External Secrets Operator📜

graph LR
      vault("Vault")
      awssm("AWS Secrets Manager")
      kubeapi("kube-apiserver") --> esocmp2
      k8secret1("Kubernetes Secret A") <--> extsecret1
      k8secret2("Kubernetes Secret B") <--> extsecret2
      extsecret1("Ext Secret A") <--> secretstore1
      extsecret2("Ext Secret B") <--> secretstore2
      secretstore1("ESO Store A") <--> esocmp1 --> awssm
      secretstore2("ESO Store B") <--> esocmp1 --> vault
      esocmp1("ESO Controller") --> extsecret1
      esocmp1("ESO Controller") --> extsecret2
      esocmp2("ESO Webhook") --> k8secret1
      esocmp2("ESO Webhook") --> k8secret2
      esocmp3("ESO Cert Manager") --> k8secret1
      esocmp3("ESO Cert Manager") --> k8secret2
      app1("Big Bang Package") --> k8secret1
      app1("Big Bang Package") --> k8secret2

Big Bang Touch Points📜

Licensing📜

External Secrets Operator is licensed under the Apache License. No additional licensing is necessary for use or redistribution.

Storage📜

The external secrets operator adds no new storage mechanisms of its own, but allows for the integration of various external secrets providers (like AWS Secrets Manager, or Vault) to Kubernetes secrets.

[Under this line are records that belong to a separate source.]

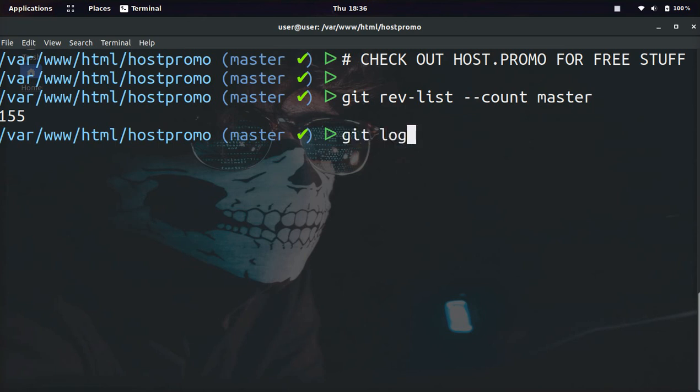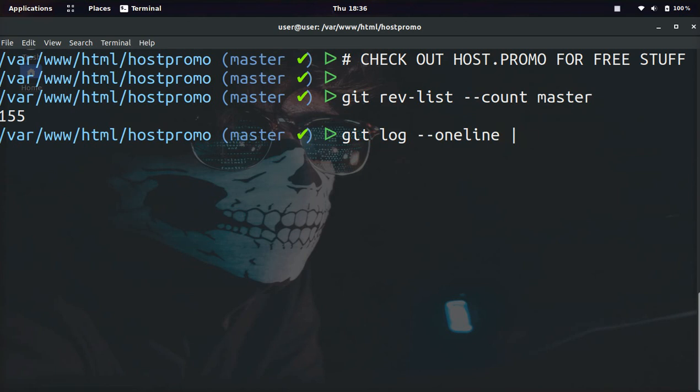And there's one other way to do this. You can do git log --oneline, and then we are going to use the pipe command, which is a Linux or Unix command.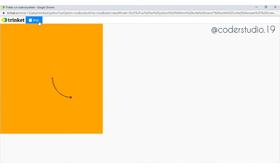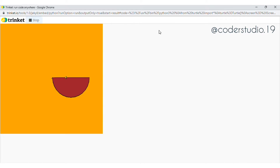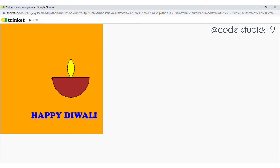Hi everyone and welcome back to my channel. I hope that you all are doing well. Wishing you all a very happy Diwali. In this project we are going to learn how to make diyas using the edu blocks, and instead of block coding we are going to use text-based coding to work with this project. I hope that this video will be helpful to you.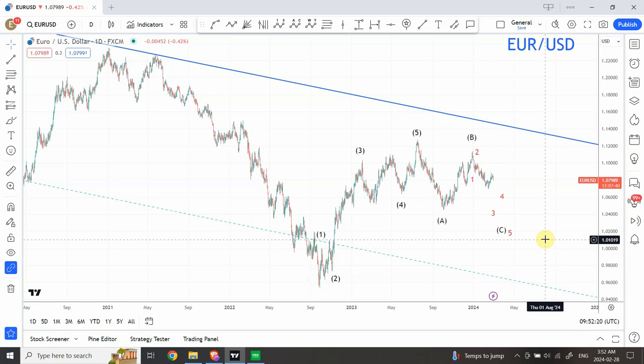Good day people, welcome back to my YouTube channel Elliott with Principle. I'm your host Shaheen. In today's video we are going to look at EUR/USD and the Dollar Index itself — very important charts showing a pretty interesting pattern.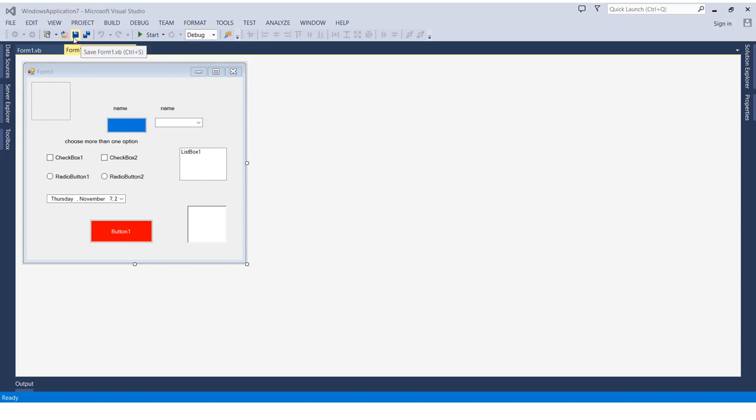see here, we can save the form or save the project. I always highly recommend choosing the save all option. Why? Because in general cases you will be having a project that contains more than one form or screen, so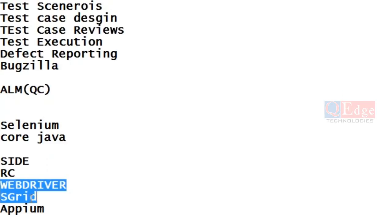What is the purpose of Grid? When you want to execute your test cases on multiple operating systems and multiple browsers in parallel, Grid will help you. One machine can execute on Windows 7, one on Mac, and one on any other OS. You can also do it one by one in other tools, but Grid makes it much more efficient. That is why Selenium Grid is very much important nowadays in the market.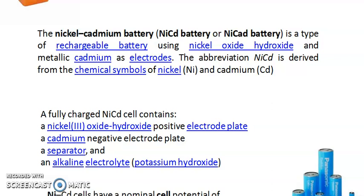Good morning students. In today's session we are going to discuss about batteries. In general, batteries are classified into primary and secondary. Primary is nothing but non-rechargeable, whereas secondary is rechargeable. The first example we are going to discuss about is a rechargeable battery: the nickel cadmium battery.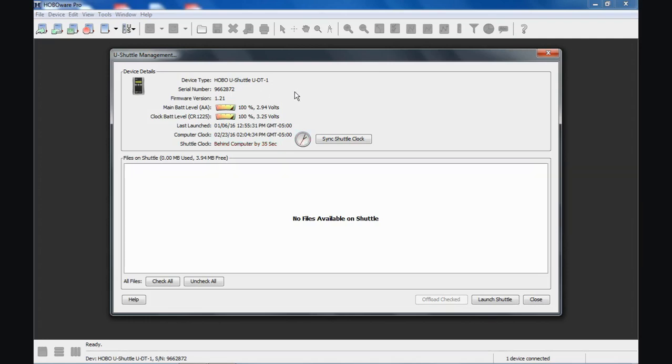There are two sets of batteries or two batteries in this device. There are two AA's that are the main battery for this instrument. There's also a clock battery, a CR-1225 clock battery. And that's necessary to keep a fresh battery in there because that's where your data loggers will get their time and date stamp when you relaunch them with the shuttle in the field.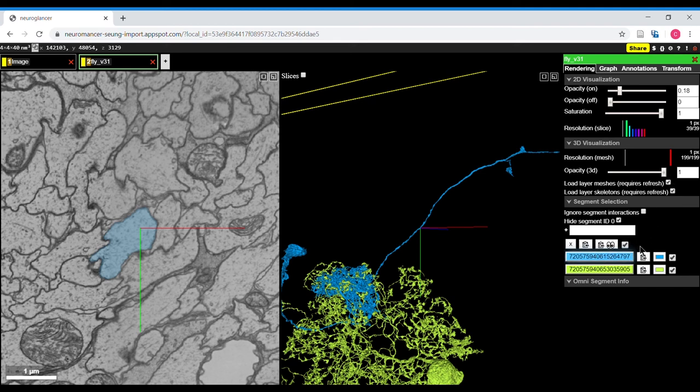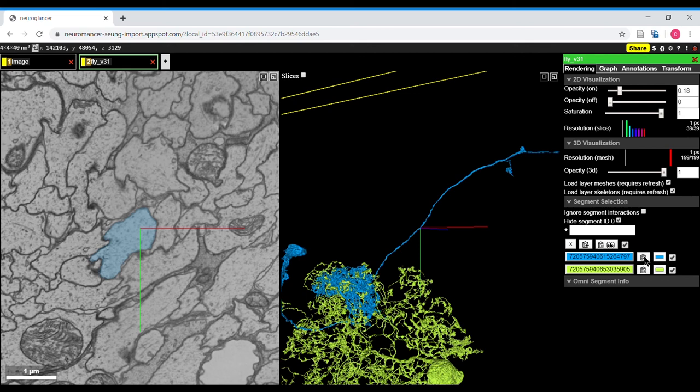Down here, I mentioned deleting segments by clicking on them. You can also copy this segment ID, and you can also paste segment IDs in this window and hit enter to bring them up.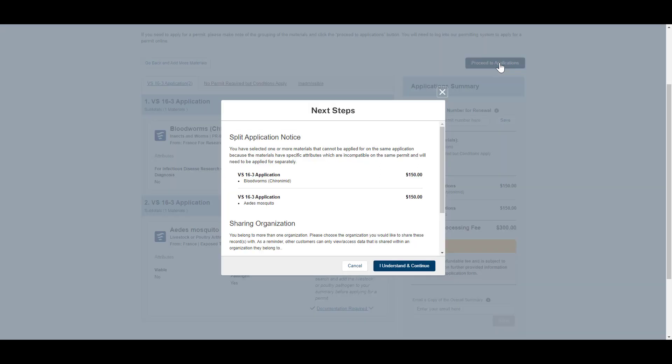If your request summary resulted in more than one application, you will see the Split Application notice that lists each resulting application, its associated materials, and cost.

The only storage to configure is the SecretStore and ClusterSecretStore objects which perform this integration.

UI📜

The external secrets operator has no user interface. It is an operator that enhances and modifies other objects, it is not a service that stands on its own.

Logging📜

The External Secrets Operator produces logs that contain information about the internal state of the controller, webhook and cert controller. This information is currently logged by the default pod logging mechanism.

Note: within Big Bang, logs are captured by fluentbit and shipped to elastic by default.

External Secrets Operator loglevels are controllable through the values passed to the addon. Here is an example of configuring debug log levels for the ESO controller, certificate controller and webhook:

addons:
  vault:
    values:
      extraArgs:
        loglevel: debug
      certController:
        extraArgs:
          loglevel: debug
      webhook:
        extraArgs:
          loglevel: debug

Monitoring📜

The external secrets operator provides the ability to monitor the status and performance of secret stores, external secret providers, and individual secrets. These external secrets are provided through the /metrics endpoint.

Additional steps are required to display the collected metrics in Grafana. A sample dashboard is provided in the upstream documentation.

Health Checks📜

Liveness and readiness probes are included in the external secrets operator chart for all deployments. The /healthz/ready endpoint is used on port 8081 (by default).